View Full Version : Really? 20% of Android Apps Pose Security Risks? Not Really

06-27-2010, 11:31 PM
I just ran across this article (http://www.webpronews.com/topnews/2010/06/23/one-fifth-of-android-apps-judged-to-pose-security-risks) at Web Pro News,which I found to be pretty informative and somewhat alarming. The main reason I used to justify getting my Ally to begin with was the fact that I got tired of my Battle.net account getting hacked and my WoW toons being Shatthaied. I used the fact that there's a mobile authenticator app available to add an extra layer of security to my WoW account as justification for my purchase. Knowing that my laptop already fell prey to a keylogger or that I fell for a phishing attempt to begin with is sad enough.(They even used my old email address as a return path to successfully phish others info with) Now I've got yet an other machine to be concerned about such things with...frankly it's a bit annoying. I realize it's not LG, or any other manufacturers fault. It's just one more thing to be attentive of. One part of me finds it sad that people would stoop so low, another part finds it not at all surprising. People will always be looking to get whatever they can for as little effort as possible, especially criminally minded people. I just wanted to share this, as it's most likely a topic that one way or an other we are all going to have to address at some point in the future. I guess I'll be taking a closer look at what sorts of permissions the apps I choose to download are going to need, and consider why they need so much permission before I do so in the future.
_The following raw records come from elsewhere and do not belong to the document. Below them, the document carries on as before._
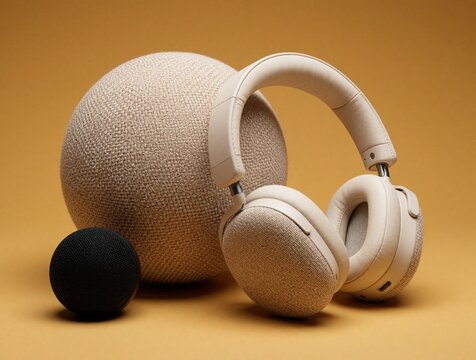 Modern beige wireless headphones stand near large textured fabric sphere, small black speaker. Minimalist audio equipment setup with stylish design on mustard background. Premium electronic devices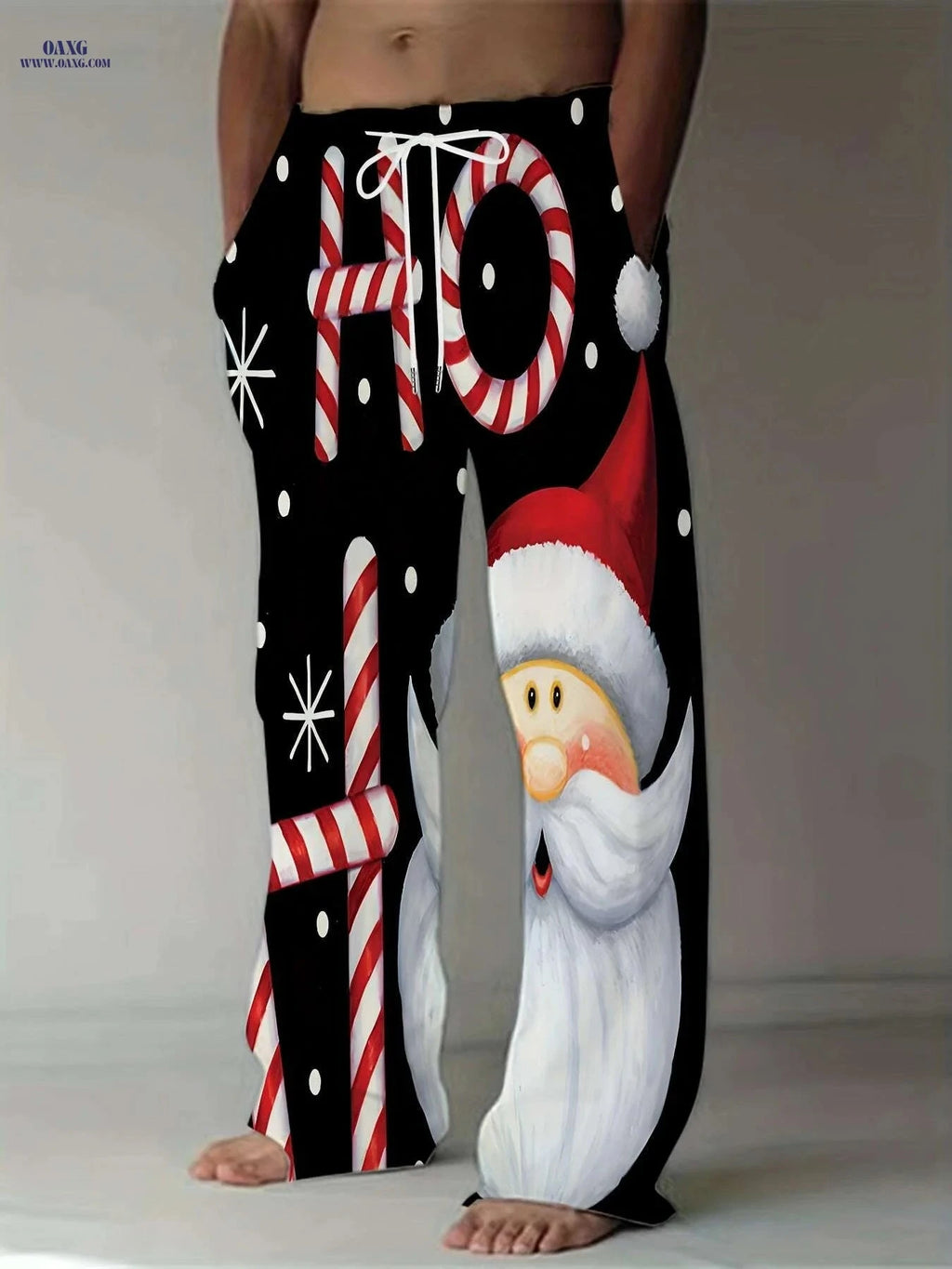 Men's Festive 3D Print Christmas Pants - Relaxed Straight Leg Fit   OAXG 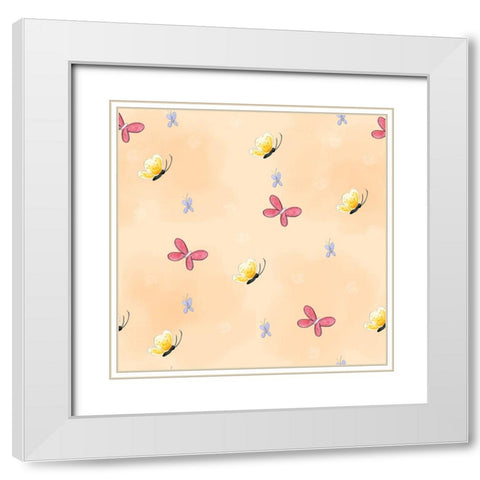 Butterflies White Modern Wood Framed Art Print with Double Matting by Wade, Valarie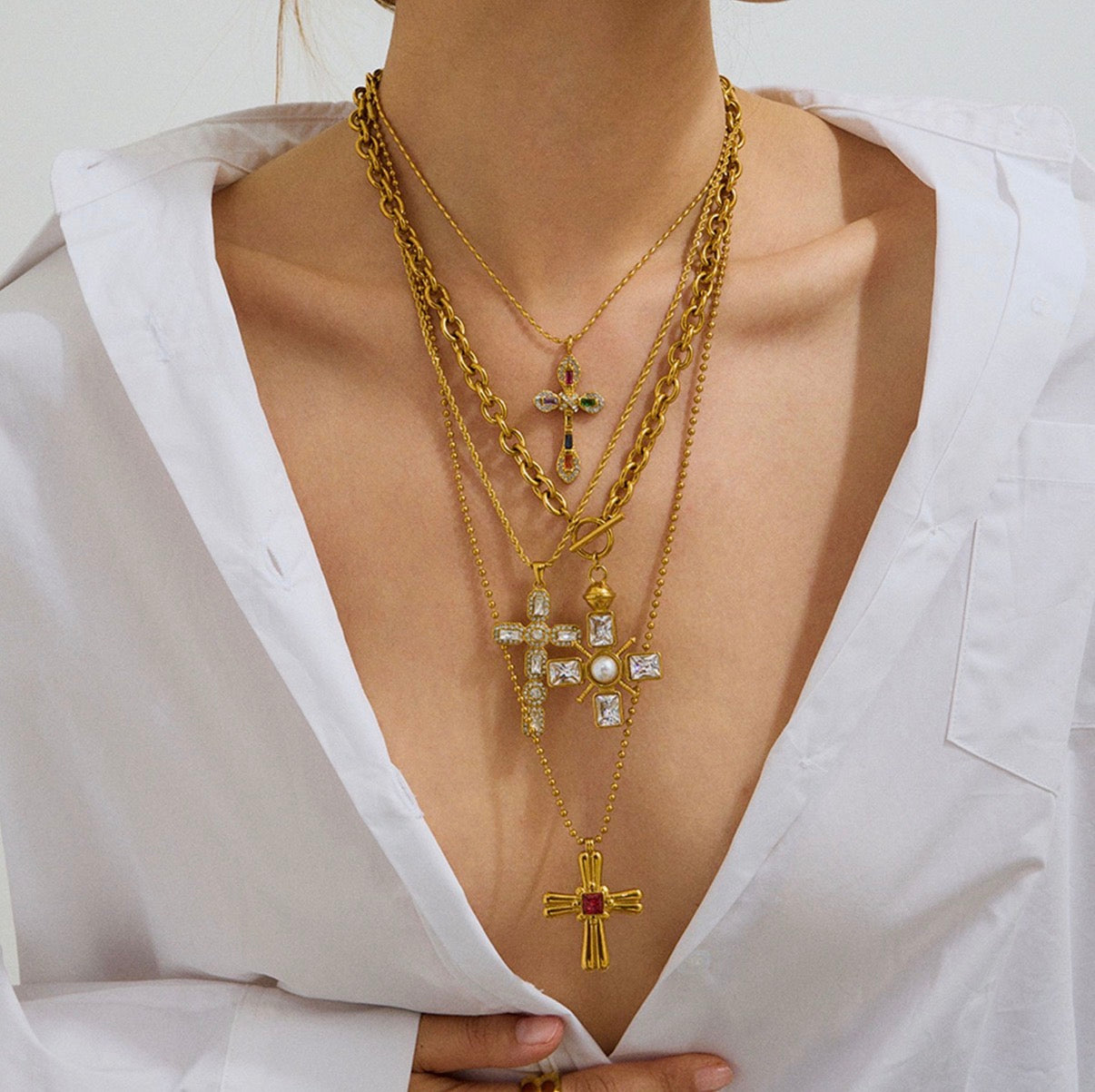Cross Pendant Necklace Faux Pearl 18K Gold Plated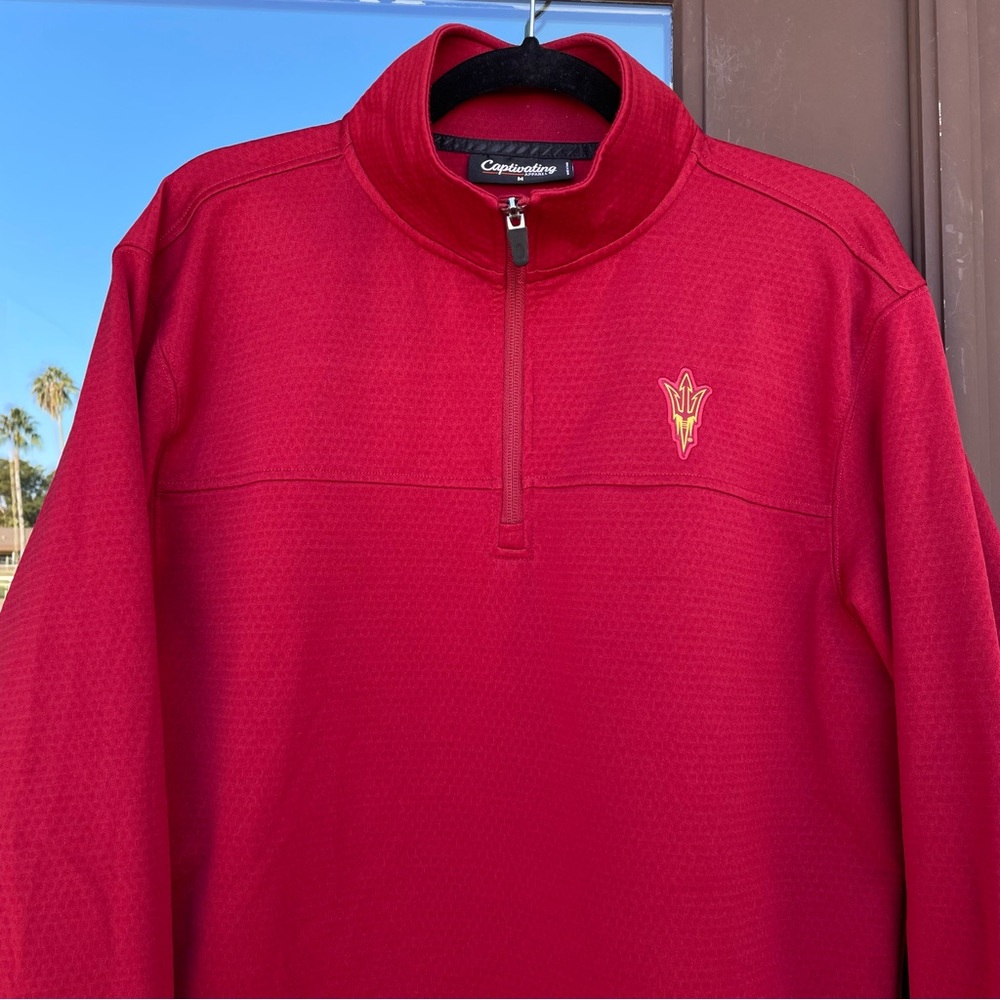 Arizona State University 'Fork' 1/4-Zip Red-Maroon Pullover M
Now I'm off to check my current list of apps for potential security risks just for peace of mind. Thank goodness for the fact that I'm sure most developers are honest, but that doesn't stop the dishonest people from taking advantage of security holes.

Does anyone know about this topic? Are there other articles/studies or knowledge regarding this topic that anyone would care to share? If so, please do so, thanks in advance.

I'm not attempting to be alarmist, just cautious. I used to think having an account hacked would never happen to me, then it did. That old saying comes to mind,"An ounce of prevention is worth a pound of cure." or however it actually goes. At the very least, it's something to consider when allowing permissions during setups.


Had I bothered to read the entire article before starting this thread I would have seen the following:

UPDATE: Sure enough, Google's Jay Nancarrow responded in the comments section, stating, "This report falsely suggests that Android users don't have control over which apps access their data. Not only must each Android app gets users' permission to access sensitive information, but developers must also go through billing background checks to confirm their real identities, and we will disable any apps that are found to be malicious."

I really wish I'd not been bored and alarmed enough to create this post now. I can't sort out how to delete it now, so if a mod can do that for me I'd really appreciate it.http://www.lgallyforums.com/public/style_emoticons/default/biggrin.gif Unless you feel it's something that should maybe be left up as an example of doing your research completely before allowing your knee to jerk.http://www.lgallyforums.com/public/style_emoticons/default/blink.gif

06-28-2010, 07:45 AM
Actually, security on the OSes is a good topic. BTW by default, you cannot download 3rd party apps w/o giving explicit permission to your phone. In all honesty, no OS/phone is 100% secure. Being Open Source is a brave new venture and one I completely support.

One very good software for Android in the case of a phone being lost/stolen (a more physical and likely event than your OS being hacked) is from F-Secure F-Secure Anti-Theft Protection - FREE (http://www.f-secure.com/en_EMEA/products/mobile/anti-theft-download/anti-theft-download.html)

There was a case earlier this year of a malicious coder for the android that created a banking app and has since been caught - imo, anyone dumb enough to input sensitive banking info into a phone... well yea. Only ever use your own bank's software and website, folks.

As far as you using your phone for the mobile authenticator for WoW...I wouldn't. (I use the actual authenticator - attached to a lanyard.) But if you lose your phone, at least you can use the F-Secure software.

And if any iphone user tells you their phone is more secure and least likely to be hacked, they are either lying or have no clue what they are talking about. The new iphone 4g has alrdy been jailbroken. iphone 4 JBed (http://www.iphonehacks.com/2010/06/iphone-4-already-jailbroken.html)

07-15-2010, 07:28 AM
Following your lead, Intrimazz, I looked into F-Secure. First of all, it's only free for seven days. Second, I canceled the installation, when I saw how much of my device would be under the control of the program. Very invasive.

09-20-2010, 11:36 PM
The response from google is spin. Unless we users have control over the default google apps: voice search, amazon, etc that tends to pop on even though we kill them.

Yes the market apps and even some google apps list what permissions are auto assigned when they are installed. We should be able to remove the default google apps and what specific permissions they can access. Some may use the default apps and that is ok, but some of us couldn't give a crap about them much less gathering our contacts info.

09-21-2010, 03:31 AM
Root your phone if you want to remove preloaded apps that badly.